Insgesamt wurden bisher 14 Langzeitstipendien im Rahmen von CLIFOOD vergeben. Je sechs Doktorandinnen und Doktoranden an den Universitäten Hohenheim und Hawassa sowie zwei Postdoktoranden forschten während der letzten vier Jahre zu Themen rund um die Klimamodellierung und genaueren saisonalen Wettervorhersagen, zu neuen, anpassungsfähigen Getreidesorten und Hackfrüchten sowie alternativen Anbauprodukten und Bewirtschaftungsstrategien für Landwirte.

Unter anderem erkannten die Nachwuchsforschenden dabei, dass Hackfrüchte wie Kartoffeln und Maniok gut an das veränderte Klima angepasst sind, und entwickelten Vorschläge, wie Landwirte ihre Flächen entsprechend bewirtschaften können.
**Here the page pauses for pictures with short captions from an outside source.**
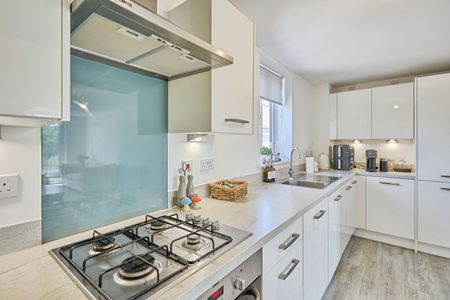 2 bedroom apartment to rent - Photo 5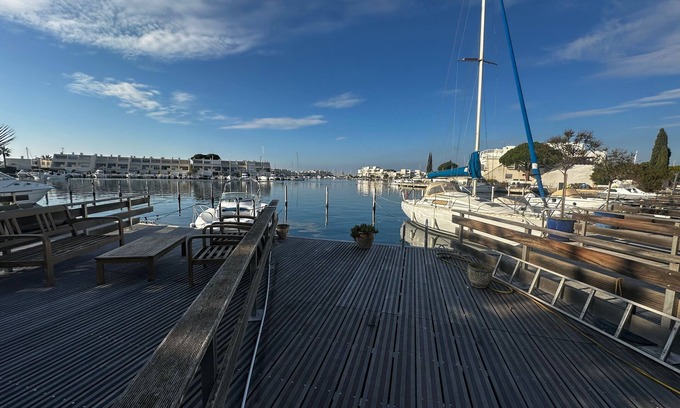 Le Grau-Du-Roi Apartment | La Marina de la Petite Caroline vue Port 2 chambres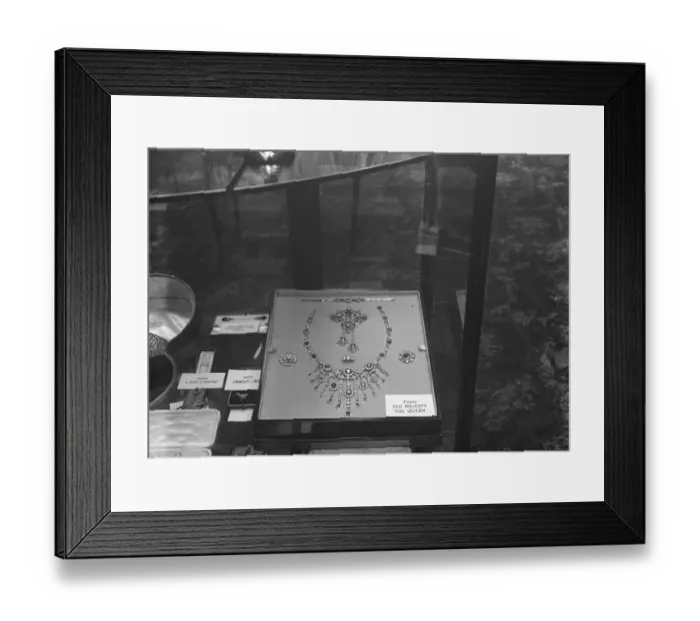 Framed Print : Wedding presents for Duke of York and Lady Elizabeth Bowes Lyon The suite given Framed Print : Wedding presents for Duke of York and Lady Elizabeth Bowes Lyon The suite given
Ein weiteres Forschungsthema war der Einfluss von Wetterphänomenen wie El Niño und der Southern Oscillation (ENSO) auf die Vorhersagbarkeit von Dürren, Überschwemmungen, Hitzewellen oder Unwetter.

Auch in der jetzt gestarteten zweiten Phase des Projektes werden sich sechs Doktoranden in Hohenheim und sieben Doktoranden sowie zwei Postdoktoranden in Hawassa der interdisziplinären Forschung zu Anpassungsstrategien für die Landwirtschaft widmen. Sie beschäftigen sich beispielsweise mit den Auswirkungen des Klimawandels auf die Ernährung und Gesundheit von Kindern in Äthiopien oder untersuchen welche Möglichkeiten zur Steigerung der Produktivität von Weizen in einem veränderten Klima existieren.
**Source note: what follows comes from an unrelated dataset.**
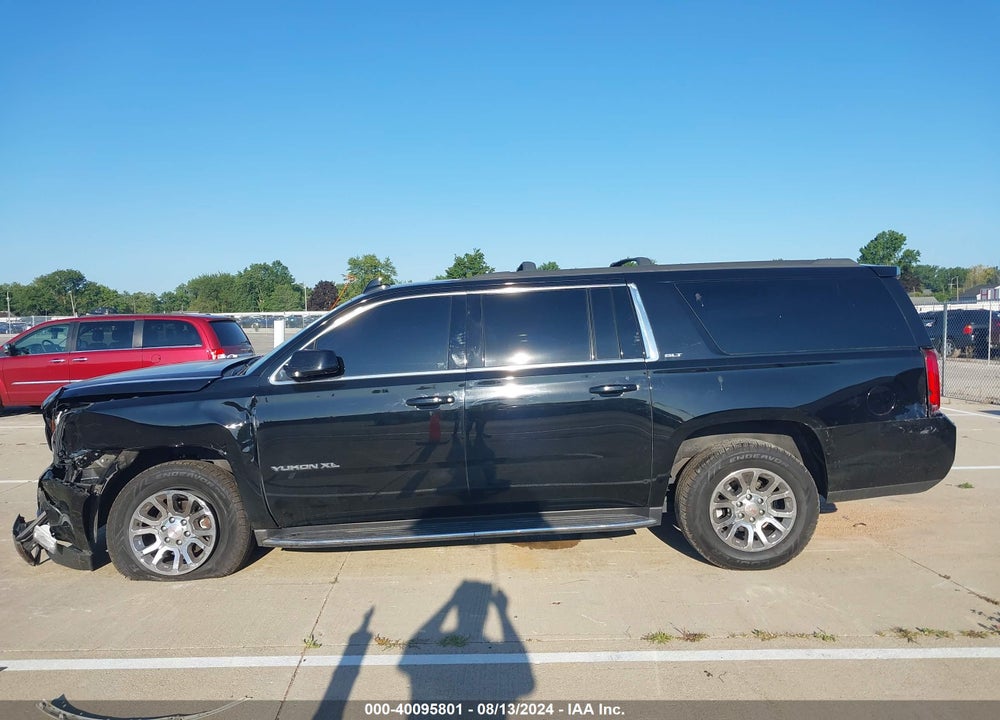 2017 GMC YUKON XL SLT VIN: 1GKS2GKC5HR180140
Ein interdisziplinäres Qualifizierungsprogramm vermittelt außerdem Wissen und Methoden aus einer Vielzahl von Disziplinen wie Bodenkunde, Physik, Meteorologie, (Agrar-)Ökologie, Pflanzenwissenschaften, Tierwissenschaften, Agrarökonomie sowie Ernährungs- und Lebensmittelwissenschaften.
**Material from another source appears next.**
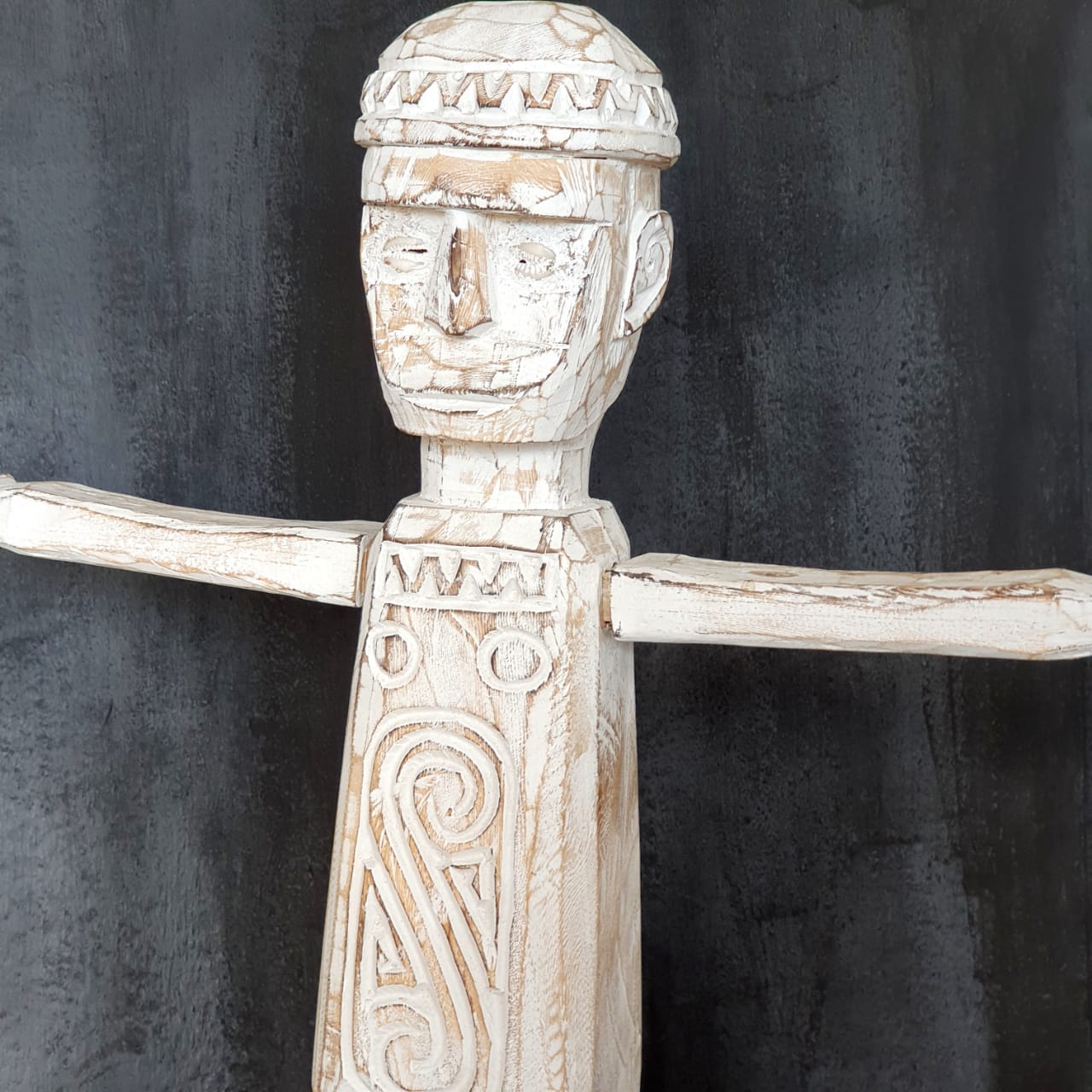 Large Tribal Wooden Standing Figures With Stand – Canggu & Co Large Tribal Wooden Standing Figures With Stand – Canggu & Co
Ergänzt werden diese Themen durch zusätzliche Weiterbildungen und Softskill-Seminare zu Themen wie Antragstellung, Projektmanagement, Academic Writing, Kommunikation, Kultur- und Führungskompetenz, welche die Nachwuchswissenschaftler auf ihre weitere Karriere vorbereiten sollen.

Ziel: Nachhaltige Stärkung des Wissenschaftssystems insgesamt

Ein wichtiges Ziel des Projekts ist es, das Wissenschaftssystem in Äthiopien nachhaltig zu stärken. „Deutschland soll nicht nur Geldgeber und Projektverwalter sein. Wir möchten auch die Hochschulverwaltung in internationalen Projekten unterstützen“, sagt Dr. Schönleber.

Neben der Ausbildung von Nachwuchswissenschaftlerinnen und -wissenschaftlern soll deshalb auch ein maßgeschneidertes eLearning-Konzept erarbeitet und in Hawassa etabliert werden. Profitieren sollen davon nicht nur die Stipendiaten selbst, sondern auch Verwaltungsangestellte und Forschende der Universität.

Geplant ist zudem die Einrichtung eines inter- und transdisziplinären Rechenzentrums in Hawassa, das sich mit der Verbesserung von landwirtschaftlichen Praktiken und der Nutzung von komplexen Satellitendaten für die Erstellung von Klimamodellen einschließlich Wettervorhersagen befassen soll.

HINTERGRUND: CLIFOOD

2016 startete das Graduiertenkolleg „Climate Change Effects on Food Security (CLIFOOD, Auswirkungen des Klimawandels auf die Ernährungssicherheit)“ der Universitäten Hohenheim in Stuttgart und Hawassa in Äthiopien.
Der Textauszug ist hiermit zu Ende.